If Emerson seems to call for too much, Thoreau parses it into to smaller chunks for us to consider.  In Walden, he tries to whittle his life down to the marrow; he trims his expectations to the day in front of him.  “To affect the quality of the day, that is the highest of arts.”  Make this day a good one – and our days will add up to a life, a world.   Thoreau’s gentle exhortation has gotten me through some rough patches.

Lastly, I have been reading a wonderful novel, This is Happiness, by Niall Williams.  The book was recommended in a recent NYTimes piece by Ann Patchett and is narrated by a very old man who is recalling the coming of electricity to his Irish village.  Read it to find out if the residents are happier before or after technology catches up with them!  In any case, the seventy-eight-year-old man reflects on this very subject:

Not that you ever quite know what that is [the better version of ourselves], still there he is, that better man, who remains always just ahead of you.  I write this now. Having come to realise it’s a lifelong pursuit, that once begun will not end this side of the graveyard.  With this I have made an old man’s accommodation and am reconciled to the fruits of a fruitless endeavour.

And what are the fruits of this fruitless endeavour?  Perhaps that we affected the quality of our days with Thoreau and built our own (yet imperfect) world with Emerson.  I am happy to make an old lady’s accommodation with these truths.
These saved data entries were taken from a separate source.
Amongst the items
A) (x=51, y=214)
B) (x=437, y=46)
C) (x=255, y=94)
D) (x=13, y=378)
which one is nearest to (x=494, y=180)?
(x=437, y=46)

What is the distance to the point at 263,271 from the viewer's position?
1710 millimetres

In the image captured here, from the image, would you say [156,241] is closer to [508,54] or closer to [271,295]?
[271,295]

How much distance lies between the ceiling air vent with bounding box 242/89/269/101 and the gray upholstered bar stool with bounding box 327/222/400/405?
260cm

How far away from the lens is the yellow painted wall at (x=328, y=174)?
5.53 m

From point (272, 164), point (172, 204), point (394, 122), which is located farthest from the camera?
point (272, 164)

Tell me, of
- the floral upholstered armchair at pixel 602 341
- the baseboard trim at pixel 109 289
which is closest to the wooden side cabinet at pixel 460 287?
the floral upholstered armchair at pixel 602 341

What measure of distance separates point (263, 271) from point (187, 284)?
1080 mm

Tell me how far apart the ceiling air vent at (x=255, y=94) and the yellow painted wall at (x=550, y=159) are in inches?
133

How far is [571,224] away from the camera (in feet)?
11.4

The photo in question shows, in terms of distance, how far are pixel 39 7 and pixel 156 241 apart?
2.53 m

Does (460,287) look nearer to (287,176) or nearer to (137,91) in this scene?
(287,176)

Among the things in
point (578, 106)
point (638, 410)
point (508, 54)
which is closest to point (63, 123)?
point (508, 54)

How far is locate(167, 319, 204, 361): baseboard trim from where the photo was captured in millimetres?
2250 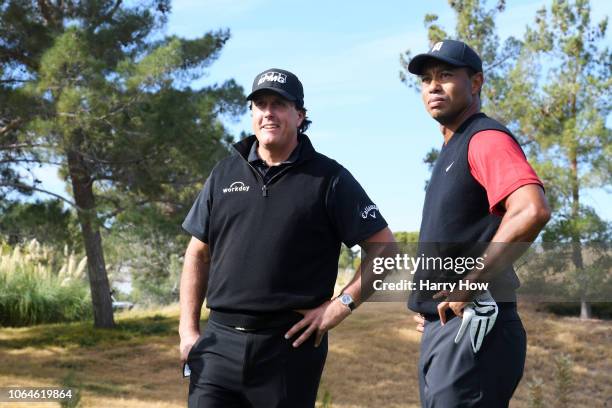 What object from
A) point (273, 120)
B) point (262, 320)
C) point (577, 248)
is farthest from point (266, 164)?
point (577, 248)

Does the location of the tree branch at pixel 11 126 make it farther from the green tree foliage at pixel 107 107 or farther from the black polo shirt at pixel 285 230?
the black polo shirt at pixel 285 230

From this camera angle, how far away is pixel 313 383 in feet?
12.4

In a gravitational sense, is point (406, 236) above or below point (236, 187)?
above

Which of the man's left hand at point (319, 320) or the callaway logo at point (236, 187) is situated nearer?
the man's left hand at point (319, 320)

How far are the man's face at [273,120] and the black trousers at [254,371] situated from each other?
2.94 ft

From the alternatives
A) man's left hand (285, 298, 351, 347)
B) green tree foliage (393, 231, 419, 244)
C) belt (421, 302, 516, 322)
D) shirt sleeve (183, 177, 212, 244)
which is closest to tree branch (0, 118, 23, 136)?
green tree foliage (393, 231, 419, 244)

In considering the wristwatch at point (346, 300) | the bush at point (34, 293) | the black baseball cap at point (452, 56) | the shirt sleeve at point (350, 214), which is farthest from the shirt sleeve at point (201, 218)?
the bush at point (34, 293)

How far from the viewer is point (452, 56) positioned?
11.7 feet

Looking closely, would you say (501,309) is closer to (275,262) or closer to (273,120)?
(275,262)

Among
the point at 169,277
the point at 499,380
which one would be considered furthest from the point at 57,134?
the point at 169,277

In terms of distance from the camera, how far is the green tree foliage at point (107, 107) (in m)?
14.3

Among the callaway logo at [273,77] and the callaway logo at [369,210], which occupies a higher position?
the callaway logo at [273,77]

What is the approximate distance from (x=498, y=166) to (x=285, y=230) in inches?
41.8

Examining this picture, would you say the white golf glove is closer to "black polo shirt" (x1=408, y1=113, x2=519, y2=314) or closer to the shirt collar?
"black polo shirt" (x1=408, y1=113, x2=519, y2=314) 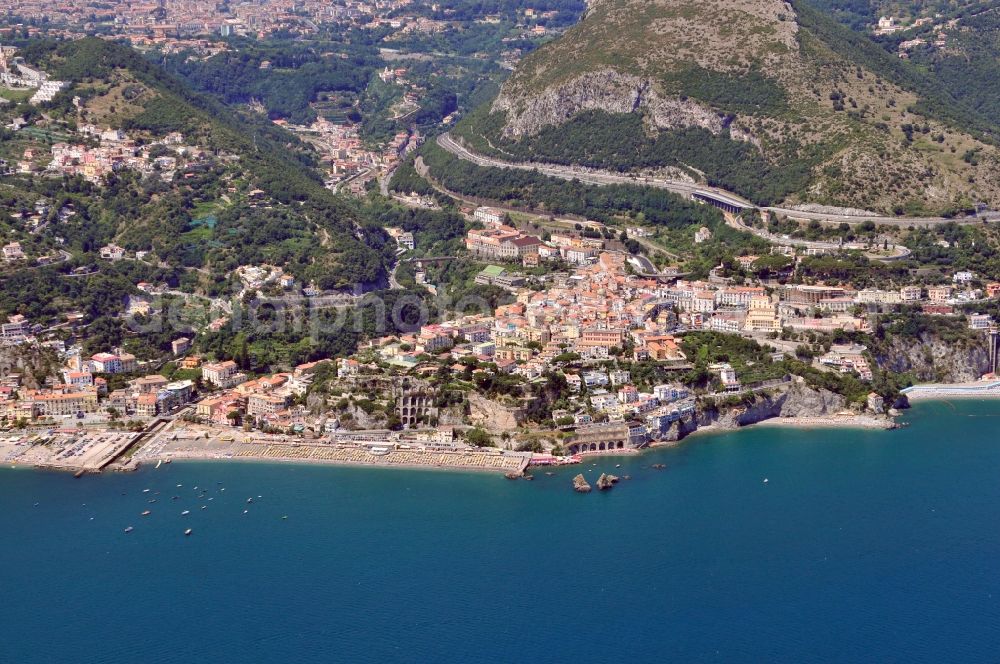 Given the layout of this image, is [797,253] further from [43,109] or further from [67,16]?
[67,16]

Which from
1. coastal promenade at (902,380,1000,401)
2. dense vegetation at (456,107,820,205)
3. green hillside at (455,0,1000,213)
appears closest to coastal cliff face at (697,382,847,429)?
coastal promenade at (902,380,1000,401)

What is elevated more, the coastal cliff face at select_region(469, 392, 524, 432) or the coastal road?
the coastal road

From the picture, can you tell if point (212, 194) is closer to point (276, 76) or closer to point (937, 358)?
point (937, 358)

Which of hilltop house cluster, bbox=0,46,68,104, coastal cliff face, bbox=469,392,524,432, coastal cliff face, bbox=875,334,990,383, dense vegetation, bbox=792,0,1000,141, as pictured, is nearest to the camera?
coastal cliff face, bbox=469,392,524,432

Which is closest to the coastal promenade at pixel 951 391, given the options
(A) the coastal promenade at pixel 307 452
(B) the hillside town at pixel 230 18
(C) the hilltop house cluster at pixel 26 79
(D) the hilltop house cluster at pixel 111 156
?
(A) the coastal promenade at pixel 307 452

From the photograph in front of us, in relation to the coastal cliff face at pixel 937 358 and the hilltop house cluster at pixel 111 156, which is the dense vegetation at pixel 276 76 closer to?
the hilltop house cluster at pixel 111 156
The Threat of Singularity and the Promise of Perennial Philosophy

As I have aged. the pace of technology has surely surpassed my interest in “keeping up.”  I have been intrigued, however, by the notion of the singularity, which is defined in many ways, but often as “a hypothetical point in time when technological growth becomes uncontrollable and irreversible.” Technology already feels “uncontrollable.”  It forces me to deal with chatbots and answer yes/no questions.  It fights to supplant me.   Even as I write this. Microsoft is pestering me to let its AI “Copilot” help me; it wants to co-opt my place at the keyboard, convinced (and trying to convince me) that it can do whatever it is better than I can.  What AI fails to recognize that it is the doing that matters, not a uniformly “perfect” product.

As I was thinking about this, I was strangely reminded of Aldous Huxley and his “perennial philosophy,” which represents a different kind of quest for doing things in the best way, for improving ourselves, or – more specifically – for living life well.  Seekers for the perennial philosophy pursued ageless universal truths, laws, dharmas, which might enable mankind, individually and communally, to reach their utmost potential.  There was no place in this philosophy for technology or even much science.  It had more to do with getting to know the nature of the kind of beasts we are, the kind of world we live in, and how the two interrelate.  “Know thyself,” said Socrates. 

Huxley’s book was a bestseller in 1945, as shocked and tired people were emerging from the nightmare of WWII.  Reviews were good, with the New York Times noting: “Perhaps Mr. Huxley, in The Perennial Philosophy has, at this time, written the most needed book in the world.”  Perhaps, after Hiroshima and the gas chambers, no one was looking to technology to solve our problems.  In the last 70 years things have changed; we have become beguiled by technology.  As Wordsworth predicted, “Getting and spending, we lay waste our powers, / Little we see in Nature that is ours; We have given our hearts away, a sordid boon!”  Indeed.  Our hearts, our minds, and maybe our souls.  We are apparently far more interested in knowing what machines can do for us than knowing ourselves.  Why? It’s easier.

The machines enticed us, seduced us, slowly. Old folks are very much aware of this. When I was a child, technology (in the guise of Western Auto) gave us a big TV with a tiny screen and one to three channels.  It stood in the heart of the house, and we watched it together.  Step by step, it led us to the internet and streaming, and now watching anything is seldom a communal experience.  In my youth, technology gave us one telephone in the center of the house, so that communications were communal (hard on teen-age girls). Now cell phones are stopping any sort of real face-to-face communication.  The internet has made information easier to find, but harder to verify; common wisdom is no longer looked for or found. No wonder they call it the singularity; in wisdom, as in most things these days, we are “bowling alone.”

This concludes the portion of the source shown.